Это был самый сложный для меня экзамен, и виноват в этом был Б.Н.Окунев.
Дело в том, что он приказал, чтобы в аудитории было не меньше 4-х досок и к этим доскам вызывал одновременно столько же студентов. Выслушав ответ на 1 - 2 вопроса, он ставил под вопросом на доске какой-то значок и отходил к другому студенту. И так ходил по кругу. Мало того он вступал в дискуссию с баламутами типа Вовки Журко. На это уходило драгоценное для меня время, и оперативная память стремилась к нулю. Надо было что-то предпринимать.
Спасибо защитнику, он исковеркал моё зрение и память, но не тронул сообразительность. Ответив на десяток вопросов и получив под ними оценки - какие-то треугольнички, крестики, нолики, квадратики и т.д., я ждал, когда же профессор снова посетит меня. Он же, как назло, вступил в очередную дискуссию с Журко…
Три часа подошли к концу, и у меня катастрофически стала стираться информация о ТМ. Я судорожно пытался задержать этот процесс, но бесполезно. Мне стало безразлично, сдам ТМ, не сдам – всё, как говорится «пофигу». Я глянул на свою доску, на окуневские значки, и вдруг родилась мысль – отчаянная и наглая.
Подходит Окунев, я же, не давая ему раскрыть рот, бросаюсь в нападение:
- Борис Николаевич, как вы оперируете этими иероглифами, выводя общую оценку? Я уже минут 20 безрезультатно пытаюсь найти ключ к разгадке. Аж голова заболела! Откройте секрет, ради Бога!
Он громогласно засмеялся и сказал:
– Пиши: Крестик - 4,5 , Нолик – 4, Плюсик - 2, Треугольник – 5, Квадратик – 1,5 …(и т.д.)

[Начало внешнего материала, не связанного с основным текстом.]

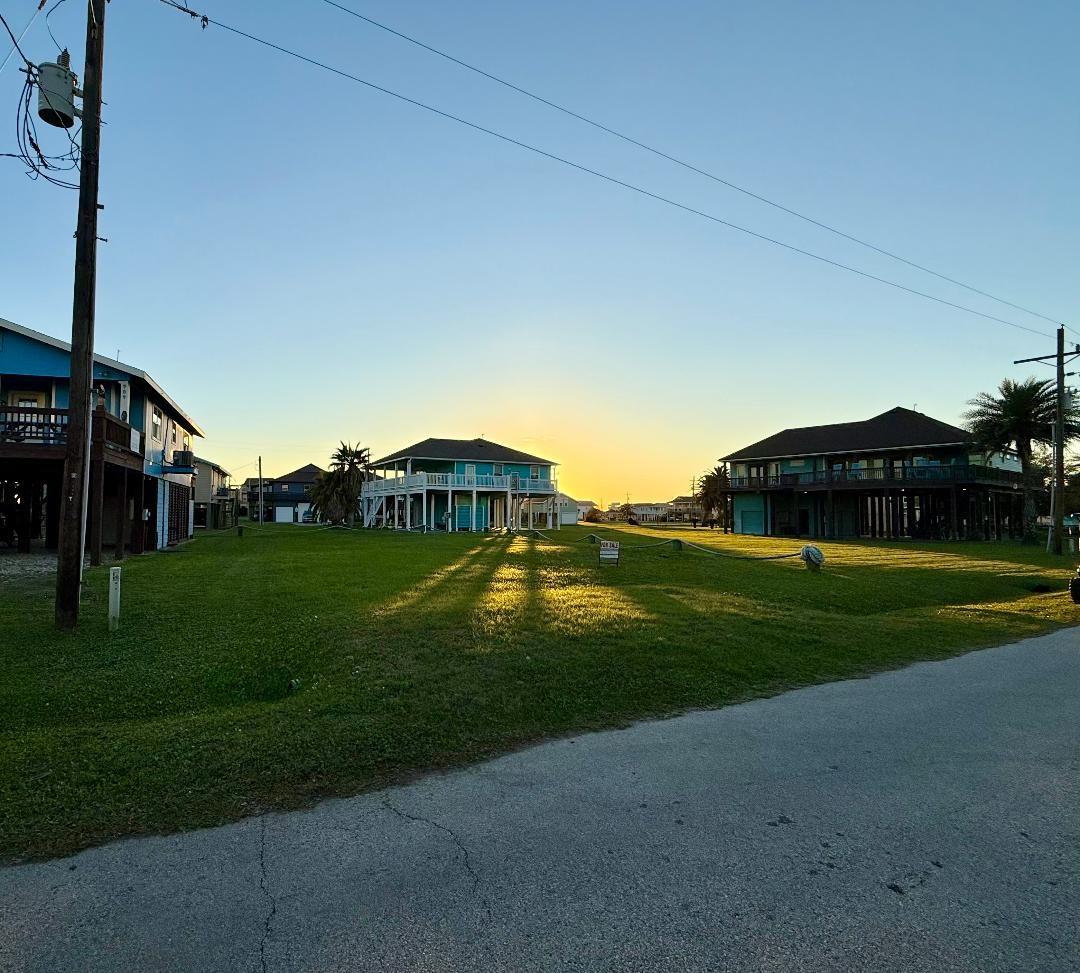Land in Crystal Beach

В это время кто-то его отвлёк от меня, а я, прикинув, что 4 это предел моих мечтаний и стипендия, занялся сложными математическими расчётами при помощи тряпки, мела и комбинирования значками. Задачу себе я поставил трудную, надо вывести себе «скромные» 4,25 за ответы на заданные вопросы и сделать так, чтобы других вопросов он не задавал.
Времени на это творчество было мало, 4,25 не получалось, и я остановился на 4,15.
Минуты через три после этих вычислений, ко мне направился Окунев. Когда между нами осталось метра два, я достаточно громко обратился к нему:
- Борис Николаевич, тут какая-то хрень у меня получается – четыре и пятнадцать сотых»…
- Это не хрень молодой человек, а твои реальные знания.
Я придуриваюсь дальше:
- Но 4,15 в зачётке – это несерьёзно!
- Чтобы было серьёзно, надо сделать так: если тебя устраивает четвёрка – я поставлю 4, а если ты хочешь 5, то я обязан задать тебе еще несколько вопросов.
- Борис Николаевич, в целях экономии Вашего драгоценного времени и, учитывая, что большего сегодня я не достоин, прошу пренебречь пятнадцатью сотыми, Бог с ними, четвёрка меня устраивает.
- Давай зачётку, хитрец…
Я получил четвёрку! Надо сказать, что до махинаций со значками, у меня получалось что-то недотягивающее до тройки.
А что имел в виду Б.Н.Окунев, назвав меня хитрецом – для меня осталось тайной за семью печатями. Может быть, он поставил оценку за находчивость, а не за знания? Всё может быть…
P.S. Память у меня окончательно восстановилась к началу 1957 года, т.е. к окончанию института. Близорукость же (-7) к 76 годам превратилась в минус 3 и вместе со мною стремится к нулю.